__Information provided__
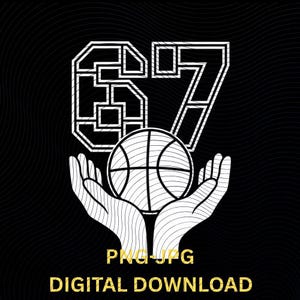 Mème drôle Six Seven 67 Gen Alpha Slang 6-7 Tendance virale Cadeau pour les fans et joueurs de basket-ball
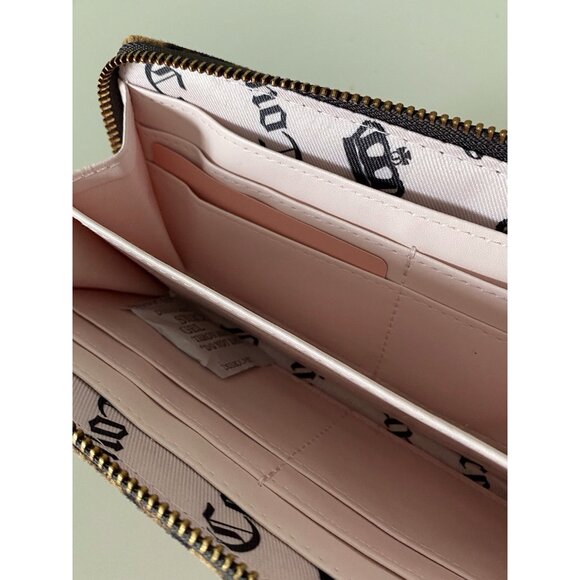 Juicy Couture Juicy Romance Gusset Single Zip Around Natural Leopard VIRAL NEW - Picture 13 of 16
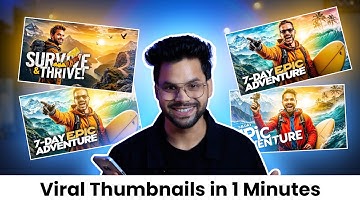 Make VIRAL YouTube Thumbnails in Minutes with FREE AI Tools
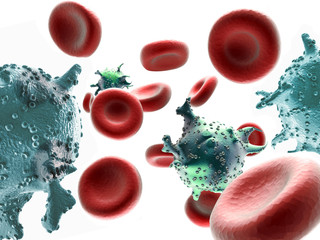 HIV cells in blood stream - 39273017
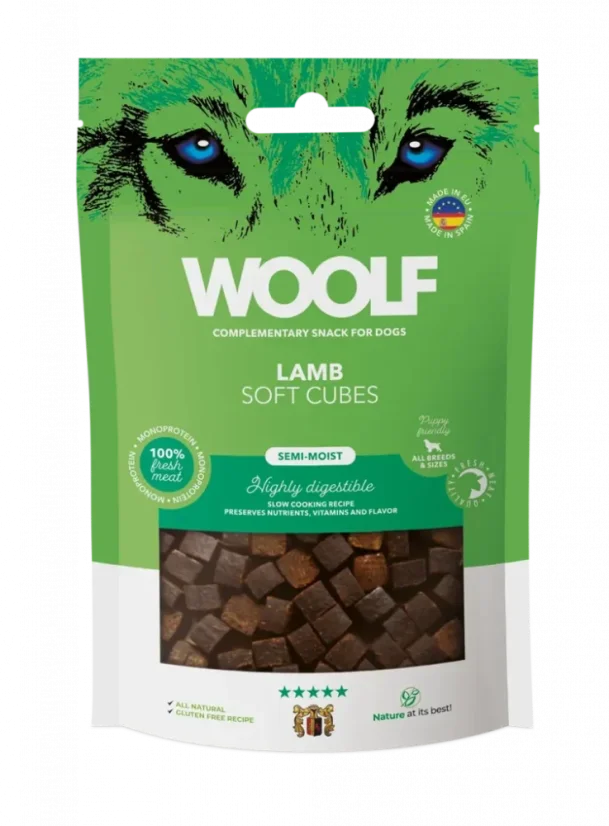 WOOLF Soft Cubes - LAMB (monoprotein)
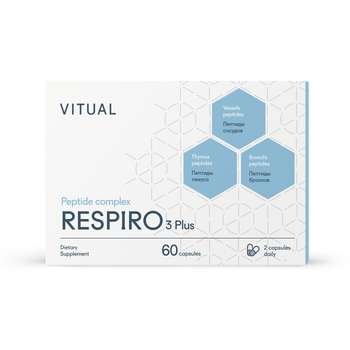 Respiro 3 Plus - Respiratory System Peptide Bioregulator Complex 60 Capsules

__Exercise instructions__
Copy, exactly and exclusively, the lines beginning with the one that contains "Make VIRAL YouTube" and ending with the last line of the listing; pictures are to be omitted.

__Solution to this exercise__
 Make VIRAL YouTube Thumbnails in Minutes with FREE AI Tools
 HIV cells in blood stream - 39273017
 WOOLF Soft Cubes - LAMB (monoprotein)
 Respiro 3 Plus - Respiratory System Peptide Bioregulator Complex 60 Capsules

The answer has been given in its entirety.